Esteticamente, invece, rischio di ripetermi, perché ho già approfondito nelle precedenti recensioni l’incredibile capacità che ha Wilson di far vibrare i colori e farli sconfinare dagli esili tratti che delineano i personaggi. Arrivati a questo punto, infatti, lo stile quasi abbozzato che caratterizza le tavole non è più un problema, si ha perfetta familiarità con i personaggi, che sono dunque sempre riconoscibili; ma è proprio grazie all’incredibile e delicato equilibrio di linee e tonalità che i protagonisti sembrano vivere davvero, quasi il lettore potesse sentire sulla propria pelle l’effetto dei colori. Si tratta di un raro fenomeno, che si può quasi associare alla sinestesia. Se infatti, in filosofia, il termine indica l’accostamento di due termini che si riferiscono a due sfere sensoriali diverse, mi sembra anche piuttosto indicato per le sfavillanti tavole de Il Regno Invisibile; i colori non si limitano a fuoriuscire dalle linee, ma anche dalla tavola stessa, coinvolgendo dunque due sensi.

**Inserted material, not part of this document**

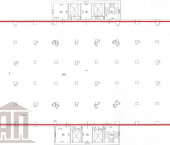 склад 1607 кв м посёлок Элеватор, 3-й переулок, 6 стр1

Inutile dire, infine, che il pregio dell’intero lavoro risiede nella sua brevità, che ha permesso di condensare al meglio la storia ed impedire che ci fossero tempi morti o inutili ripetizioni nell’arco narrativo. Ogni elemento è perfettamente bilanciato, si prende il giusto tempo per essere illustrato e non si incappa in alcun momento in tavole che fanno desiderare al lettore di procedere oltre. Difficile trovare dei difetti davvero mortali, perché il lavoro svolto da Wilson e Ward è davvero incredibile sotto tutti i punti di vista. Si tratta di tre volumi davvero imperdibili, pieni di colpi di scena, narrativamente appaganti ed esteticamente ipnotici. Qualcosa che mi sento di consigliare caldamente, con la speranza di poter tornare presto a parlare degli autori appena menzionati.